§ **TASK OBJECTIVE**
In the entries below, find the line with "A child sitting" and the line with "a view of a lake with houses in the back". Reproduce those two lines and every line between them exactly, and nothing more.

+ + + +

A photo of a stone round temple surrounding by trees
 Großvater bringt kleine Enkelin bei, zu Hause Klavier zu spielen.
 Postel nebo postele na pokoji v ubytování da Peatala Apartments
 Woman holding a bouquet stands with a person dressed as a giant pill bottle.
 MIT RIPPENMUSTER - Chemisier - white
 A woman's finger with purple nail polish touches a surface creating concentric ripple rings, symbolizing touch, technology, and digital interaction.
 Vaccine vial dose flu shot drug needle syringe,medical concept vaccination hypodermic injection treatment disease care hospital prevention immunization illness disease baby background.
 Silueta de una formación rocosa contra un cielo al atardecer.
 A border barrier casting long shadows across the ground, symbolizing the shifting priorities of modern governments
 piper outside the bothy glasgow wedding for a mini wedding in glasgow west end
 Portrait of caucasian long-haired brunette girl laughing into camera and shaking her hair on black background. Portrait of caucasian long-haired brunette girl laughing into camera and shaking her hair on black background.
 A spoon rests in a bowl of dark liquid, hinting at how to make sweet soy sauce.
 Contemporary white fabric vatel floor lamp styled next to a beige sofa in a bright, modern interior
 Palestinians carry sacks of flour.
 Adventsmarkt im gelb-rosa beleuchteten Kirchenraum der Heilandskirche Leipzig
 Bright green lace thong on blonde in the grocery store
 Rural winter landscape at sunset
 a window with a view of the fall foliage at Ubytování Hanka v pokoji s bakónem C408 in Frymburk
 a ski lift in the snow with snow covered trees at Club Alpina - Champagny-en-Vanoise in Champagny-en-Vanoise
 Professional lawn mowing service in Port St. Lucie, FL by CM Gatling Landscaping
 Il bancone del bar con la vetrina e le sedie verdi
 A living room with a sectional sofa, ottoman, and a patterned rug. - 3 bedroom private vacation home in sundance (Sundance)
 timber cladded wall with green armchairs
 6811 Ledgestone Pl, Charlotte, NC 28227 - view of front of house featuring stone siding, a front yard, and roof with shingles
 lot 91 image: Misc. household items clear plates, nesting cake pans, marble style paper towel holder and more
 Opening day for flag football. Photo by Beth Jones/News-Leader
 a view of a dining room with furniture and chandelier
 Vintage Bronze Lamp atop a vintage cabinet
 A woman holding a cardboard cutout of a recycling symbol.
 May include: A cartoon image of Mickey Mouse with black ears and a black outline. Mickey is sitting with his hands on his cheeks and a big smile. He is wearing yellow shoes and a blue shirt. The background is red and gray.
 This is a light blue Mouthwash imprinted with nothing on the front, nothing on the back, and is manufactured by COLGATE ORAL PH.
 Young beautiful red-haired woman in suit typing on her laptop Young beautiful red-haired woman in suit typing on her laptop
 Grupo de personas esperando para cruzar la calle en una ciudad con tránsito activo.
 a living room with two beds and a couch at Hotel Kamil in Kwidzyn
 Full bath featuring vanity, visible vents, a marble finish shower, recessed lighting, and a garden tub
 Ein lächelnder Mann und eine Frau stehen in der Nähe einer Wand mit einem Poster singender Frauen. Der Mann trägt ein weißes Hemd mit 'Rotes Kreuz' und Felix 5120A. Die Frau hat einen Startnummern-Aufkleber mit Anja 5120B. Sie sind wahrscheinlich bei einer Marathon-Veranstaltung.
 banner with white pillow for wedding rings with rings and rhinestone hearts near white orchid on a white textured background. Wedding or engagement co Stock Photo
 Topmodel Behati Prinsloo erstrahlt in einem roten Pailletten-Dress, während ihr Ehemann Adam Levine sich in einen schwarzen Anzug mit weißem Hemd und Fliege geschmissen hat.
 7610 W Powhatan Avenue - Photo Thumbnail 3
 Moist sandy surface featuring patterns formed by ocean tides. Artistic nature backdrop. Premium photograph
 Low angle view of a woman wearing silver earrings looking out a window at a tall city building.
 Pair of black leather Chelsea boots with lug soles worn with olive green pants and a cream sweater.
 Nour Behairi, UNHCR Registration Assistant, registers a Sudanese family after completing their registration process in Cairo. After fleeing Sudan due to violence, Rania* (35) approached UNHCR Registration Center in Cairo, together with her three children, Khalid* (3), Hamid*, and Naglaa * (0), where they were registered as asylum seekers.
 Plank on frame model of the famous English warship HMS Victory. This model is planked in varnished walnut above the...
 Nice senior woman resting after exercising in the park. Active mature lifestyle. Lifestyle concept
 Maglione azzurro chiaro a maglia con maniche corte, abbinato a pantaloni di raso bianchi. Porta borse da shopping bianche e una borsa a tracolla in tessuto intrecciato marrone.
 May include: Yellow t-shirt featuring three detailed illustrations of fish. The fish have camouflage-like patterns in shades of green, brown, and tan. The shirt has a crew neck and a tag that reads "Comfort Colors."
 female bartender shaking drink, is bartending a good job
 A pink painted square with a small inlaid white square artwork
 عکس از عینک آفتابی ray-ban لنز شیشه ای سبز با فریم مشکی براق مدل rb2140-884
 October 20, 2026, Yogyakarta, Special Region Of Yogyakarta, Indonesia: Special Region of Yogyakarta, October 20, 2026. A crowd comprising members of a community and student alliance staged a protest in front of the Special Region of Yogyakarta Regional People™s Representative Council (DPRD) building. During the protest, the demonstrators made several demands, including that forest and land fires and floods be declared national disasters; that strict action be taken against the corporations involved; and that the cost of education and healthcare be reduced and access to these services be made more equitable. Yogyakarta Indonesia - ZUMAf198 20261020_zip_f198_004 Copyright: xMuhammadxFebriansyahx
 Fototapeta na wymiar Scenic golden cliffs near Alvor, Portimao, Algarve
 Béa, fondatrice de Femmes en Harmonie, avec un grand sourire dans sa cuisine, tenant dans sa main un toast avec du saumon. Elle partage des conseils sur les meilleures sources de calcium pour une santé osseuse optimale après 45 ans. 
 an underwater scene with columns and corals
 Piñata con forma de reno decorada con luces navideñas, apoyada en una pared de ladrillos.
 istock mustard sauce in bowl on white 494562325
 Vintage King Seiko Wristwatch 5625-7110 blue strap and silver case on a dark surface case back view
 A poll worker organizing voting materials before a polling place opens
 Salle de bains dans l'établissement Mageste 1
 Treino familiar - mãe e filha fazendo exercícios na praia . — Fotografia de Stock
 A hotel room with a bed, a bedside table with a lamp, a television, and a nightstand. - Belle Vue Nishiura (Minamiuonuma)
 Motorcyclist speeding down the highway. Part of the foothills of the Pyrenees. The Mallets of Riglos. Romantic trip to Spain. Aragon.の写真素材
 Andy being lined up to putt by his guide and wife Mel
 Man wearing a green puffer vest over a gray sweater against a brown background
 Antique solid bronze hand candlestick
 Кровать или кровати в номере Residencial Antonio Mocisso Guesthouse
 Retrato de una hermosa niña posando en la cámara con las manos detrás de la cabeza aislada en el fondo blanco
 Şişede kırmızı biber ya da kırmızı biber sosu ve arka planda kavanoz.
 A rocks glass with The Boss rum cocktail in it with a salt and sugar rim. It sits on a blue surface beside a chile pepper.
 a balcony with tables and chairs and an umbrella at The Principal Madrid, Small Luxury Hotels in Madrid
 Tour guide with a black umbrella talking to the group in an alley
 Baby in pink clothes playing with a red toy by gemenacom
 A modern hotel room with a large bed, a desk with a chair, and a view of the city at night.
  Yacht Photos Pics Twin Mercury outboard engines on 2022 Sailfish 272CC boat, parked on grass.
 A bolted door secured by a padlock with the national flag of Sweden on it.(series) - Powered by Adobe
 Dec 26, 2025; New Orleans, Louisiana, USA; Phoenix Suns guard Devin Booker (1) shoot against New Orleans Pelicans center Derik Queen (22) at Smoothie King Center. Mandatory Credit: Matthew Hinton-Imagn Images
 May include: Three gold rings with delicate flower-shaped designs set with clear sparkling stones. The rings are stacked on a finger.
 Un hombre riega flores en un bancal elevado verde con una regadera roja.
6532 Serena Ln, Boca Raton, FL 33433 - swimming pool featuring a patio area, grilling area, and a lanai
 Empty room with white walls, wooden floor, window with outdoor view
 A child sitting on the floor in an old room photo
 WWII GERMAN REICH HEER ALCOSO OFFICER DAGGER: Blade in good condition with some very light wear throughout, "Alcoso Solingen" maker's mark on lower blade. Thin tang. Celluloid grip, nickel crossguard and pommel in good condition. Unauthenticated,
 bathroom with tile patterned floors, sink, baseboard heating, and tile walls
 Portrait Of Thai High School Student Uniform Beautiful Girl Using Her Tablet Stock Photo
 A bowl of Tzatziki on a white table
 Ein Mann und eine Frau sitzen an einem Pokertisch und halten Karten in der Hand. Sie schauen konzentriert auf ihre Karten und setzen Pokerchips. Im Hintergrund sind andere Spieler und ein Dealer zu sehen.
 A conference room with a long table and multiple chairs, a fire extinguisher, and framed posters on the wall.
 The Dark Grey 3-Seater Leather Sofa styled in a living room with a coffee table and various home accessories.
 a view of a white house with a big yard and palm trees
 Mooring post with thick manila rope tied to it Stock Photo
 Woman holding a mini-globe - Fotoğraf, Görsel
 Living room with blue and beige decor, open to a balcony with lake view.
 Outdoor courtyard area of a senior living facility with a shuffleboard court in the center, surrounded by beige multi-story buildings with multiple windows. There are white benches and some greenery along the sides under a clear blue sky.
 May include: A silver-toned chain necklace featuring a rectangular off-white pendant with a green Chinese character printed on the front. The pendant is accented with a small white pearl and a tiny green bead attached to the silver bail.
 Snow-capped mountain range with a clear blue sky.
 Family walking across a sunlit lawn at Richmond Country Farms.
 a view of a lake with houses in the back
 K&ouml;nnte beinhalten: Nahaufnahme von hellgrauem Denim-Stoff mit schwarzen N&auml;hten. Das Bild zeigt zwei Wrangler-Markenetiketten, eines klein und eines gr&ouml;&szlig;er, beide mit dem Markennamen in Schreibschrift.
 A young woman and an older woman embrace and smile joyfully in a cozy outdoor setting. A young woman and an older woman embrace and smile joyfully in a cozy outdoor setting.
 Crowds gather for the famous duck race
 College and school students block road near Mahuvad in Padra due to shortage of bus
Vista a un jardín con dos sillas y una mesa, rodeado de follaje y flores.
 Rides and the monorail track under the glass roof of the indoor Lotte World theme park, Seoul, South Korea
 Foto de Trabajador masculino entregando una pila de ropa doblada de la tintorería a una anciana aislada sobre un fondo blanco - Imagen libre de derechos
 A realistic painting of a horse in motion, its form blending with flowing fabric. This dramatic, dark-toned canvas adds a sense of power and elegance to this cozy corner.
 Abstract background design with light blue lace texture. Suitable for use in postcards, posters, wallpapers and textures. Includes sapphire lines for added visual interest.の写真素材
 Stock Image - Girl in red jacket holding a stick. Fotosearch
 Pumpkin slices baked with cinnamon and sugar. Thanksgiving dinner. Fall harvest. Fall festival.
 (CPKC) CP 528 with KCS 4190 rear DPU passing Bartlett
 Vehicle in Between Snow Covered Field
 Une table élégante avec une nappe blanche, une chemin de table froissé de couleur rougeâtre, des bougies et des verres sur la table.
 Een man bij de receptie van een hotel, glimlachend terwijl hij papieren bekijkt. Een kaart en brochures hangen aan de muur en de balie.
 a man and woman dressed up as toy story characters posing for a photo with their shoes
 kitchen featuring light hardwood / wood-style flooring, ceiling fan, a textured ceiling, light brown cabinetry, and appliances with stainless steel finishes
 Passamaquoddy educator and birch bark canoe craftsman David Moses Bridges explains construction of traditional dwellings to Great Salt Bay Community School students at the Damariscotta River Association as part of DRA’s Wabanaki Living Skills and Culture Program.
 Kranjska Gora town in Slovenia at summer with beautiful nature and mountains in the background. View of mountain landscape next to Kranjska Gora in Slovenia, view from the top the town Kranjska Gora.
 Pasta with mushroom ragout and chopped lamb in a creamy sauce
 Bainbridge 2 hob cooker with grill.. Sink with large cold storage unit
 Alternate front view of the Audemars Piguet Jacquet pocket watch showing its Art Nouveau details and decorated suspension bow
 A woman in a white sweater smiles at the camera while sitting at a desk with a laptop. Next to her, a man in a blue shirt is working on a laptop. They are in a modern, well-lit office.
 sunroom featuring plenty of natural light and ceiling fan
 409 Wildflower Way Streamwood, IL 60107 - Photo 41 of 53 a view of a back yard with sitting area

+ + + +

§ **EXERCISE ANSWER**
 A child sitting on the floor in an old room photo
 WWII GERMAN REICH HEER ALCOSO OFFICER DAGGER: Blade in good condition with some very light wear throughout, "Alcoso Solingen" maker's mark on lower blade. Thin tang. Celluloid grip, nickel crossguard and pommel in good condition. Unauthenticated,
 bathroom with tile patterned floors, sink, baseboard heating, and tile walls
 Portrait Of Thai High School Student Uniform Beautiful Girl Using Her Tablet Stock Photo
 A bowl of Tzatziki on a white table
 Ein Mann und eine Frau sitzen an einem Pokertisch und halten Karten in der Hand. Sie schauen konzentriert auf ihre Karten und setzen Pokerchips. Im Hintergrund sind andere Spieler und ein Dealer zu sehen.
 A conference room with a long table and multiple chairs, a fire extinguisher, and framed posters on the wall.
 The Dark Grey 3-Seater Leather Sofa styled in a living room with a coffee table and various home accessories.
 a view of a white house with a big yard and palm trees
 Mooring post with thick manila rope tied to it Stock Photo
 Woman holding a mini-globe - Fotoğraf, Görsel
 Living room with blue and beige decor, open to a balcony with lake view.
 Outdoor courtyard area of a senior living facility with a shuffleboard court in the center, surrounded by beige multi-story buildings with multiple windows. There are white benches and some greenery along the sides under a clear blue sky.
 May include: A silver-toned chain necklace featuring a rectangular off-white pendant with a green Chinese character printed on the front. The pendant is accented with a small white pearl and a tiny green bead attached to the silver bail.
 Snow-capped mountain range with a clear blue sky.
 Family walking across a sunlit lawn at Richmond Country Farms.
 a view of a lake with houses in the back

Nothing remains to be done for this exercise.